> Assignment
Would you please copy each line of the data in which the string "Short" occurs?
Material shown: Begin
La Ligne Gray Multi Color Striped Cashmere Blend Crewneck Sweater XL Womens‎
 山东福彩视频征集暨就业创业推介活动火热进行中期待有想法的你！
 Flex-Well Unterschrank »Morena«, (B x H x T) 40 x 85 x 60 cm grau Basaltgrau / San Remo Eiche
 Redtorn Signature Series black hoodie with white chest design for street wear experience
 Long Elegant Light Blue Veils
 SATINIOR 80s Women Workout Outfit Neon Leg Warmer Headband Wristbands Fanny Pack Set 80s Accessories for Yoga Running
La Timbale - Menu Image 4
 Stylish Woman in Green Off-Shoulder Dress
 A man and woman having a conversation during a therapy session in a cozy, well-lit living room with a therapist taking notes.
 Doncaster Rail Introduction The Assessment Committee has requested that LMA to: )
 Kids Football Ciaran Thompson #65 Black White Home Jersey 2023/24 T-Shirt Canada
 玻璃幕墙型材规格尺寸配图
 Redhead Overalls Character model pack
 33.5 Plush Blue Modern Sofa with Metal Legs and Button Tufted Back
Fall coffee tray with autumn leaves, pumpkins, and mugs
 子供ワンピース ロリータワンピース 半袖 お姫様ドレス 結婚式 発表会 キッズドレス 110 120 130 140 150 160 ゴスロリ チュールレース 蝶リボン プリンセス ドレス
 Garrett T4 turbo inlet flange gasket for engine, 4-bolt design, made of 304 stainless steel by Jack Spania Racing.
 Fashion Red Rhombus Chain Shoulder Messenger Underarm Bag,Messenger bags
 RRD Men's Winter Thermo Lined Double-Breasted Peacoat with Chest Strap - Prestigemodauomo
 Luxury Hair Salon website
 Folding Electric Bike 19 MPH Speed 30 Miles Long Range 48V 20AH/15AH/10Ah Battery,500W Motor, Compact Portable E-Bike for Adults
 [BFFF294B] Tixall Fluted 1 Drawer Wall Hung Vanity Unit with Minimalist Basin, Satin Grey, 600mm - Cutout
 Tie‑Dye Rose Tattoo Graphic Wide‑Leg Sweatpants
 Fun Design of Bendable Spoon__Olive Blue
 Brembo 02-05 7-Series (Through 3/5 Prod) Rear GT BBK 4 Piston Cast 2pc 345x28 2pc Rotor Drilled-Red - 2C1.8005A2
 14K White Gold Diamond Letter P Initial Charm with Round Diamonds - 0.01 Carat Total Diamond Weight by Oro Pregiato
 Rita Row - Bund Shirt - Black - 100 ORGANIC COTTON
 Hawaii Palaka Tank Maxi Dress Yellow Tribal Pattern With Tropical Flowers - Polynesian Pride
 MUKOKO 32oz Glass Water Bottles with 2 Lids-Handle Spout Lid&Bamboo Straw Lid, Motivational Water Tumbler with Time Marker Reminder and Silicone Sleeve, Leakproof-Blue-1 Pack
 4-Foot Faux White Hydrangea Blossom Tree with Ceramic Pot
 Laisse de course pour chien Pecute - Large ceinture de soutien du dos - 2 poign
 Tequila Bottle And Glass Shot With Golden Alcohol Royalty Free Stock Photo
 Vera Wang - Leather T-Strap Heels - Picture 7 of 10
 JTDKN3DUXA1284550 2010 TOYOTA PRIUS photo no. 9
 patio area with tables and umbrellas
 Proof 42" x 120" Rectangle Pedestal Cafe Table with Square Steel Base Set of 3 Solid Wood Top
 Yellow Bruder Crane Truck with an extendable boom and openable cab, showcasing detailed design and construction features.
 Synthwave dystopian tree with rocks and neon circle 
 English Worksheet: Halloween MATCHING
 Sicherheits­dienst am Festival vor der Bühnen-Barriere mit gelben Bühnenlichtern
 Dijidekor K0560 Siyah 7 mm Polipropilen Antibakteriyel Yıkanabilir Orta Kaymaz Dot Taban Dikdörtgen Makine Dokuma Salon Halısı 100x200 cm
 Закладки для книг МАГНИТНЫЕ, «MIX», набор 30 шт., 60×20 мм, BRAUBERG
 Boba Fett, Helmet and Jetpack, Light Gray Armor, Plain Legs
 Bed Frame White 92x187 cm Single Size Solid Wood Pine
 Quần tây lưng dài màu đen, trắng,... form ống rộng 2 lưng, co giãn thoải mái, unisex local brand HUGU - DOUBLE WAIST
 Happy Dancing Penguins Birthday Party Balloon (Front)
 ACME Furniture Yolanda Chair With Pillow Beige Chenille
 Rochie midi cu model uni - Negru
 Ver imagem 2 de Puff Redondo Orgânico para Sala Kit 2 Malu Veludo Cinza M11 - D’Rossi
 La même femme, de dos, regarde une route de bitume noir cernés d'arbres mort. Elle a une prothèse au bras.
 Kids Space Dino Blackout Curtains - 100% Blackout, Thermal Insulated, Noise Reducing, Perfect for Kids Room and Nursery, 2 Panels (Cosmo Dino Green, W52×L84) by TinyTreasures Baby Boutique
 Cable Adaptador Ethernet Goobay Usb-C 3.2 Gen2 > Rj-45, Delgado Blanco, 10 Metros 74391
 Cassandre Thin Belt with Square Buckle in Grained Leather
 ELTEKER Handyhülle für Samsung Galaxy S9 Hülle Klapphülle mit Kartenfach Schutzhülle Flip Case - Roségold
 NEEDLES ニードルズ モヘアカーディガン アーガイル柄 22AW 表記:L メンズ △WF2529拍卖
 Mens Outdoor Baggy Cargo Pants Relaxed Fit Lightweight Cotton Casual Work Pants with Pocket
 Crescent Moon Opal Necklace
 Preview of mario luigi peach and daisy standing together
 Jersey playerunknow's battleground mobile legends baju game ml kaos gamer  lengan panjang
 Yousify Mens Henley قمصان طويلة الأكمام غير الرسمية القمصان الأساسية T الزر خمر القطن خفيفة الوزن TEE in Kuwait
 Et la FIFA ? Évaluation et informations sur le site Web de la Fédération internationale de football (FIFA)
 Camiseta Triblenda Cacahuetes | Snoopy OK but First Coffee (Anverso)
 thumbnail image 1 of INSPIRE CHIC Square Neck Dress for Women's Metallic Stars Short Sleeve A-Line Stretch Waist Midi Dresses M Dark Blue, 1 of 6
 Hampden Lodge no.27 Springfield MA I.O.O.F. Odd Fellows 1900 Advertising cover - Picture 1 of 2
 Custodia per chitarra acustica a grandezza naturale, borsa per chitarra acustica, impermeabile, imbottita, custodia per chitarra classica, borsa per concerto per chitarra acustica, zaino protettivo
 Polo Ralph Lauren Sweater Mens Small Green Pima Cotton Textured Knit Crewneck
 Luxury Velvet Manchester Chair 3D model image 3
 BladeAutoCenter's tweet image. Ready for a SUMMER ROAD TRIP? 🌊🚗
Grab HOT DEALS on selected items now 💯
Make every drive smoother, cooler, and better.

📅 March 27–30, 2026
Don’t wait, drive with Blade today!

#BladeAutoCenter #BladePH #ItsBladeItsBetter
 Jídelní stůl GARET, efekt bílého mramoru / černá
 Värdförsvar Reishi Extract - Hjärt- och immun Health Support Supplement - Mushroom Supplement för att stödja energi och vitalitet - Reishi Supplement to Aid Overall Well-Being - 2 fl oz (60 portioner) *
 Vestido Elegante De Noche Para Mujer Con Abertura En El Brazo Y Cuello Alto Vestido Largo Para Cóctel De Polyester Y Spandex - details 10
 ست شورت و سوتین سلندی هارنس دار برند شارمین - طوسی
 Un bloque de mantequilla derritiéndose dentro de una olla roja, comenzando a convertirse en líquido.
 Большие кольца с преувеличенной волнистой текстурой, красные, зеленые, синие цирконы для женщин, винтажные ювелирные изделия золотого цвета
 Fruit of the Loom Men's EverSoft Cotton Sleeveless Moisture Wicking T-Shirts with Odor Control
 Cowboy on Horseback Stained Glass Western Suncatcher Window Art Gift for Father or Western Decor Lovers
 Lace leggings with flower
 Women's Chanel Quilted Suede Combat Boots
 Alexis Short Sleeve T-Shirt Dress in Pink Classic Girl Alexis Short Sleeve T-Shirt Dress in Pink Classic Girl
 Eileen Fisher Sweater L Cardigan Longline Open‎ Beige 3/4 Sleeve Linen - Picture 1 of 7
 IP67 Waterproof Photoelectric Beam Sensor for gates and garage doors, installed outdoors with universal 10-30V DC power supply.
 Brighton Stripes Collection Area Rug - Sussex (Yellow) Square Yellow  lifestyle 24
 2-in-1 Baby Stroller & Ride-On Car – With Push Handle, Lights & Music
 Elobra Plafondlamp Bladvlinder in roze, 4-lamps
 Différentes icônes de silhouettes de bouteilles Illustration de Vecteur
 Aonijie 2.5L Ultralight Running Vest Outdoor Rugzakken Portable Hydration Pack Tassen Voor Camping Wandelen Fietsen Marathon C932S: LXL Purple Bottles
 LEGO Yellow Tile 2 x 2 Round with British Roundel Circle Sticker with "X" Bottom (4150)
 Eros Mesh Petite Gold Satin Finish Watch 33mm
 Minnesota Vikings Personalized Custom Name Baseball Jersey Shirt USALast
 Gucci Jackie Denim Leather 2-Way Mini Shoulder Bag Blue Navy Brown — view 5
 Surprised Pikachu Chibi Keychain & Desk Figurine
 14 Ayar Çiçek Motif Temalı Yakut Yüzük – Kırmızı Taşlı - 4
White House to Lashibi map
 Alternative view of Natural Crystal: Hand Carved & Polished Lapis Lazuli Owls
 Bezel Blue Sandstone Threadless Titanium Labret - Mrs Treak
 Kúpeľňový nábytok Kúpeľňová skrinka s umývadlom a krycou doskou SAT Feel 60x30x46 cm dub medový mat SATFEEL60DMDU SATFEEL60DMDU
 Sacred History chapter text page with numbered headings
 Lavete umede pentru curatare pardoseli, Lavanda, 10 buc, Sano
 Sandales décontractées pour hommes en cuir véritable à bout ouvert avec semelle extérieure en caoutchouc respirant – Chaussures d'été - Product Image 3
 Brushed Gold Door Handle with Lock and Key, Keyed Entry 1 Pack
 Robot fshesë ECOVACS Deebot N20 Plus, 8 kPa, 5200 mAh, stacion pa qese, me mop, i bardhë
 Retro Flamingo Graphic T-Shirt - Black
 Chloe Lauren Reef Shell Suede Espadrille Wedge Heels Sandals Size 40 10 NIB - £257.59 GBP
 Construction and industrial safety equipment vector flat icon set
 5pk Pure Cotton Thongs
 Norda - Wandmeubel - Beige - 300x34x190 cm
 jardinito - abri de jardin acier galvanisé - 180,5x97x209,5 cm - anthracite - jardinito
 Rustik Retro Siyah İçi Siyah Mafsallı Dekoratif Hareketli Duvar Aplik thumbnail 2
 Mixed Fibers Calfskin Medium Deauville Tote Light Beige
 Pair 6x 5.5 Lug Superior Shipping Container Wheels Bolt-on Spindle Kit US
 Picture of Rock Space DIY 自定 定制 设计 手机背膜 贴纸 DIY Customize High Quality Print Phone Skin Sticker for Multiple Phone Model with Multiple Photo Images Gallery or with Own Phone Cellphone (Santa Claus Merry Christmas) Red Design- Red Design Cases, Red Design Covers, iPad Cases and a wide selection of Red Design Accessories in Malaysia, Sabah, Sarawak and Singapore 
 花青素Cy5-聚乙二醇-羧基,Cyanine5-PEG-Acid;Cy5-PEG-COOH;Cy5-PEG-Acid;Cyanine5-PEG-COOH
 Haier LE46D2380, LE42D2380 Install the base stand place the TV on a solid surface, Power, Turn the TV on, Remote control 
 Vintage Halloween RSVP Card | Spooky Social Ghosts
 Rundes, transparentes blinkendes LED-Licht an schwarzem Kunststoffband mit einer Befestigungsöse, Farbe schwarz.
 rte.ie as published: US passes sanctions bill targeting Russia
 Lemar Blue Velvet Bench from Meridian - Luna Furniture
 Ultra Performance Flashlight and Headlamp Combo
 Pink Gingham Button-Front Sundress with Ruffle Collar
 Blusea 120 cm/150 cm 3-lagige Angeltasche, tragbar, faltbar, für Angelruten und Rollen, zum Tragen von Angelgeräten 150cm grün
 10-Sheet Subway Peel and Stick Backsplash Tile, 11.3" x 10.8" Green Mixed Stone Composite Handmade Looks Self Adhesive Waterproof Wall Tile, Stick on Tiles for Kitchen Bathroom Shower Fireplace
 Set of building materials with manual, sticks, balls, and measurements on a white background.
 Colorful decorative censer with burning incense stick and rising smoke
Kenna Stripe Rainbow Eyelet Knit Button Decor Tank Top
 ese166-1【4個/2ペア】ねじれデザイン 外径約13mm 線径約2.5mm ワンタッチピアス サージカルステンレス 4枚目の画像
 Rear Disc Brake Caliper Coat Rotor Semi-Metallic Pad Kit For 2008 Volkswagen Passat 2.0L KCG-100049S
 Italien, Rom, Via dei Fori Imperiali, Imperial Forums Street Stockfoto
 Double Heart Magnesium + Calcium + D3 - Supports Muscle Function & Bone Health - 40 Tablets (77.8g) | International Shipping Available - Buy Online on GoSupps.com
Material shown: End
> Expected answer
 thumbnail image 1 of INSPIRE CHIC Square Neck Dress for Women's Metallic Stars Short Sleeve A-Line Stretch Waist Midi Dresses M Dark Blue, 1 of 6
 Alexis Short Sleeve T-Shirt Dress in Pink Classic Girl Alexis Short Sleeve T-Shirt Dress in Pink Classic Girl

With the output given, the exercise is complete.